Sabe que no va a ser actriz por siempre. Le gusta la cocina y si le preguntan qué sabe hacer bien ella dice, sin petulancia, sin modestia y sin dudas: Cocinar.
–Desde siempre hago eso. Desde que mamá trabajaba y nos dejaba la comida fría y yo un día dije: Basta, hoy cocino. Eso fue a los 9 años. Es el día de hoy que me hago el plato más elaborado para mí sola. Sé que en el futuro voy a hacer eso. No me gustaría estar viejita y tener que levantarme temprano para ir a grabar, y tener que pensar en taparme las ojeras.

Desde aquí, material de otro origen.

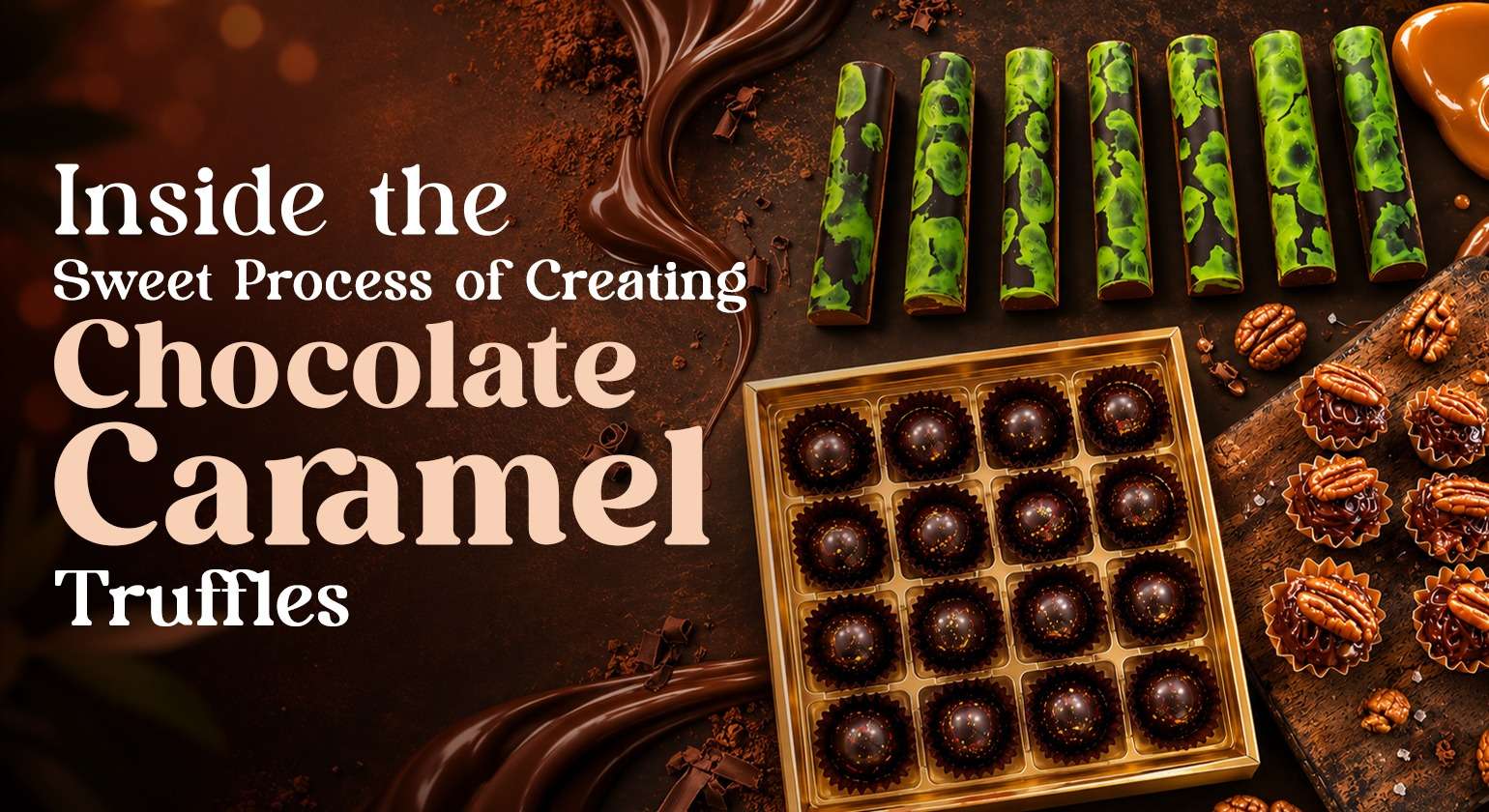 Making chocolate caramel truffles step by step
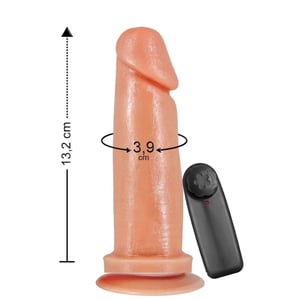 Prótese Realística Com Vibro Externo e Ventosa 13,2 X 3,9 Cm Prazer&cia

Ah, sí. Eso. También le gustan las minimuñecas al estilo Barbie.
–Mirá. Tengo una Barbie y un Ken.
Tiene cajas repletas de ropa para minimuñecas junto a cajas repletas de minimuñecas y algunas minimuñecas muy especiales, como unas que sólo se consiguen en Estados Unidos y que se llaman Madelaine y que ahora apoya –una, dos, tres– sobre la mesa enana del living.
–Me gustan mucho. Mirá lo que es este piloto plateado, mirá lo que es este vestido. Mirá, mirá estos zapatos. ¿Y el saco de invierno? Tengo una sobrina de 3 años y cada vez que viene nos pasamos horas jugando a las muñecas.
Del cuello, un rosario largo.
Del largo cuello cuelga un rosario.
Un rosario rosado y larguísimo, como si hubiera nacido con eso, ahí. –Soy creyente. Muy. Creo mucho en la fe y en dejarme llevar por los vientos del destino, y eso, si estás conectado con lo espiritual, es mejor. Pero no con lo espiritual de la meditación y el yoga, y qué sé yo, No. Yo tengo mi rosario y lo toco así. Me da como una seguridad. Lo toco y digo... Ah, vamos. Y va.